[EXERCISE OBJECTIVE] Could you repeat the entries below exactly, but only from the line with "And at the same" through the line with "To determine the", and without any picture?

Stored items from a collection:
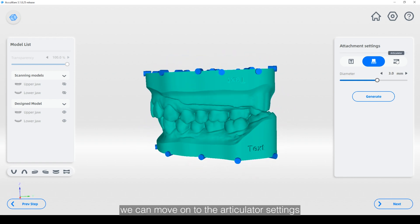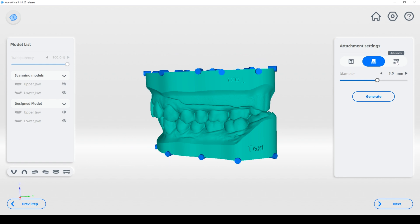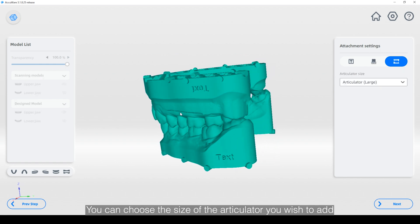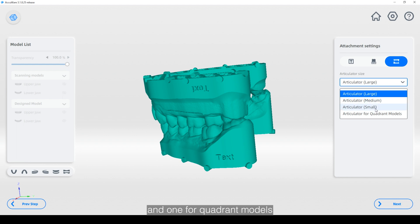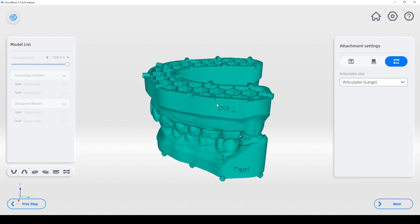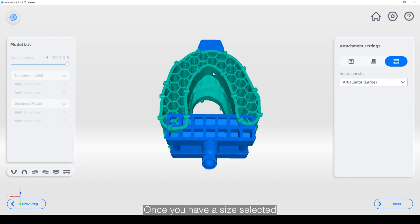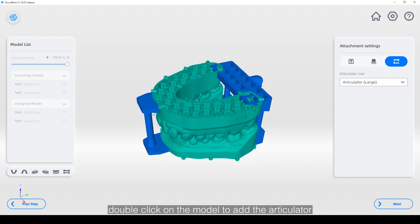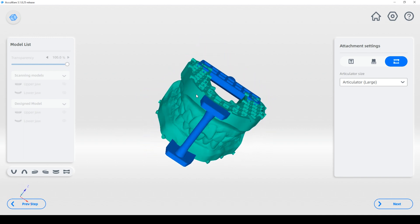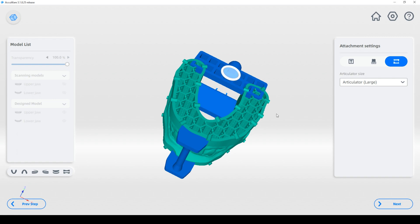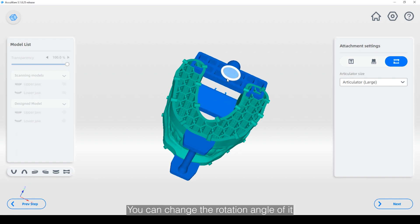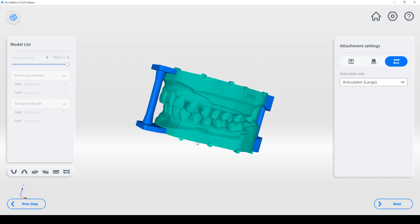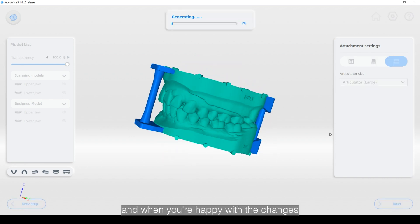Once you're happy with that we can move on to the articulator settings. You can choose the size of the articulator you wish to add — large, medium, small, and one for quadrant models. Once you have a size selected, double click on the model to add the articulator. If you click on the base of the articulator you can change the rotation angle of it, and when you're happy with the changes you can hit next to generate the final model.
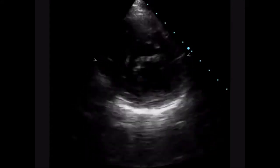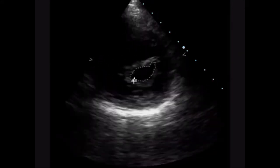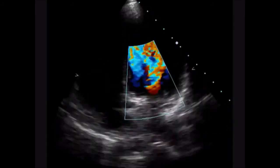This is the short axis view where the mitral orifice can be seen. You can see that there is a good orifice after balloon valvulotomy.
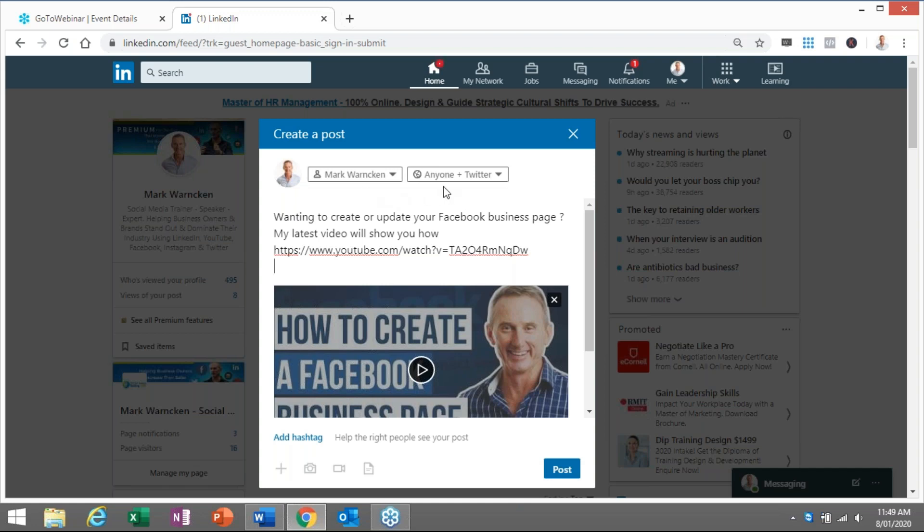And at the same time, it is going to go to my Twitter news feed as well. So that's how simple it was to firstly connect your LinkedIn profile to your Twitter account, and that's how simple it is to actually be posting to LinkedIn and Twitter at the same time.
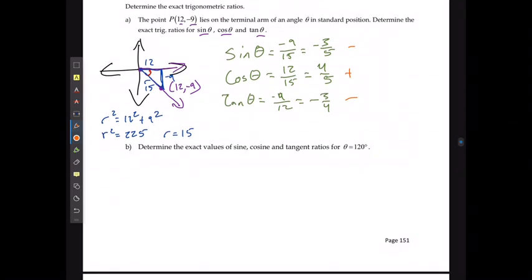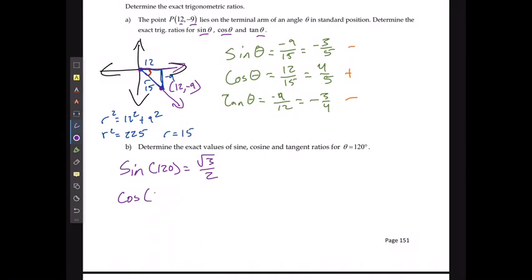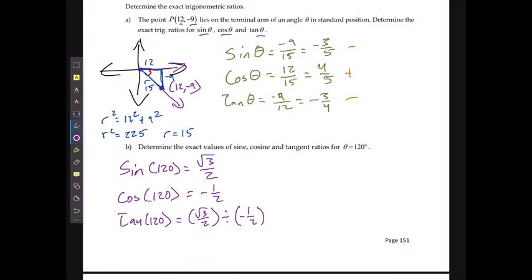To determine the exact values for sine, cosine, and tangent at 120 degrees, I can use the unit circle. At 120 degrees: sine of 120 equals √3 over 2; cos of 120 is the x value, which is negative 1 over 2; and tan of 120 equals (√3/2) divided by (−1/2), which gives negative √3. Once again, sine is positive, cos is negative, and tan is negative at 120 degrees, which makes sense.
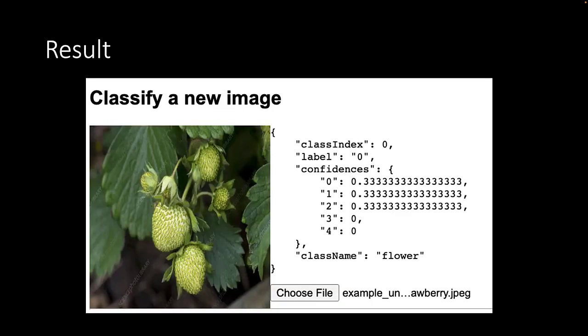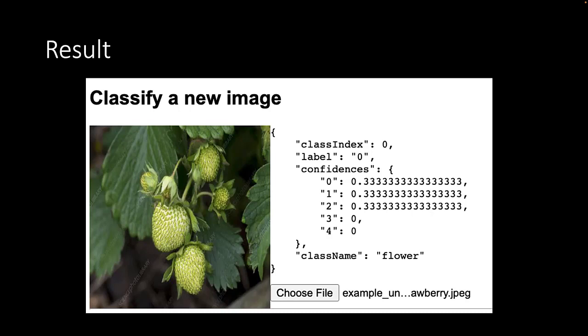However, if we try the second example image, which is also not part of the training set, we find that our new classifier is still unsure about the ripeness state of these strawberries. With equal probability, it sees it as a flower, as immature and as unripe. This is not really strange, because the image indeed contains both unripe and immature strawberries.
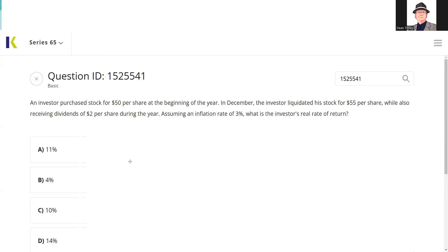A real rate of return means: are we getting ahead in terms of purchasing power? The whole point of delaying gratification and making investments is that at some point you have more purchasing power. So let's see if this customer actually got ahead. $55 is the sales proceeds from selling the stock, minus our cost basis of $50. So here we made $5 from realized price appreciation.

[WRITTEN ANSWER]
And at the same time, it is going to go to my Twitter news feed as well. So that's how simple it was to firstly connect your LinkedIn profile to your Twitter account, and that's how simple it is to actually be posting to LinkedIn and Twitter at the same time.
To determine the exact values for sine, cosine, and tangent at 120 degrees, I can use the unit circle. At 120 degrees: sine of 120 equals √3 over 2; cos of 120 is the x value, which is negative 1 over 2; and tan of 120 equals (√3/2) divided by (−1/2), which gives negative √3. Once again, sine is positive, cos is negative, and tan is negative at 120 degrees, which makes sense.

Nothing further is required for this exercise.